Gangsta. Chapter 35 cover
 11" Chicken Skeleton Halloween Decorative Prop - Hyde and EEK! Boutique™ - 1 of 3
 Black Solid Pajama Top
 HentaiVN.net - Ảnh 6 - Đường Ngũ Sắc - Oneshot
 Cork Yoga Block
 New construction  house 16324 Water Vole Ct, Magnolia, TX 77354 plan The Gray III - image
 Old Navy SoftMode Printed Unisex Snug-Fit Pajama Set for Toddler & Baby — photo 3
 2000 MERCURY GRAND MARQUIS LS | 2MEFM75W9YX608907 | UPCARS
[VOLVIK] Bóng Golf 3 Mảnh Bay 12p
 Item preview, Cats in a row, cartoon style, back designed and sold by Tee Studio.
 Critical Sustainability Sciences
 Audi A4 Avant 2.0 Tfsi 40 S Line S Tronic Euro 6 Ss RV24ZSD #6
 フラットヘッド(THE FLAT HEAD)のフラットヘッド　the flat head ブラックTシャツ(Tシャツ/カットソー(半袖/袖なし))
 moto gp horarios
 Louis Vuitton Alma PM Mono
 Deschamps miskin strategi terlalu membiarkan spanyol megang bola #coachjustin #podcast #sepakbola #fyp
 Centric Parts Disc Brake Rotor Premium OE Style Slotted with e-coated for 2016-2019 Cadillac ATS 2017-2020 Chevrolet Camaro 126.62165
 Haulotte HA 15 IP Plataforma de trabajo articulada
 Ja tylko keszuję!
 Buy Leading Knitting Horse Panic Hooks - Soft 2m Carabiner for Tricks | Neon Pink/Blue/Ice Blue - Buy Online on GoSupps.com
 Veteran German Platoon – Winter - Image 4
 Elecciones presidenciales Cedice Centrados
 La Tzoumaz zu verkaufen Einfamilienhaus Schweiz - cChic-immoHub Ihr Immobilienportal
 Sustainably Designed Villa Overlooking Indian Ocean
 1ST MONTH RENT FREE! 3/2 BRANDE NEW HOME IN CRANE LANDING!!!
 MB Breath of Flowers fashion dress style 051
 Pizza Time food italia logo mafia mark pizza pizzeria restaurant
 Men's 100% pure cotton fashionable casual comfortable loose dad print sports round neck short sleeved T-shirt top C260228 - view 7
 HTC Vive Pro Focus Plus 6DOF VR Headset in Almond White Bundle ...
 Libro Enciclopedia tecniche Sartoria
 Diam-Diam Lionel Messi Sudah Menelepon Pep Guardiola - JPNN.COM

§ Work required
Using the entries above, extract exactly the span from the line with "Ja tylko keszuję!" to the line with "La Tzoumaz zu", both lines included; leave out everything else.

§ Solution for this task
 Ja tylko keszuję!
 Buy Leading Knitting Horse Panic Hooks - Soft 2m Carabiner for Tricks | Neon Pink/Blue/Ice Blue - Buy Online on GoSupps.com
 Veteran German Platoon – Winter - Image 4
 Elecciones presidenciales Cedice Centrados
 La Tzoumaz zu verkaufen Einfamilienhaus Schweiz - cChic-immoHub Ihr Immobilienportal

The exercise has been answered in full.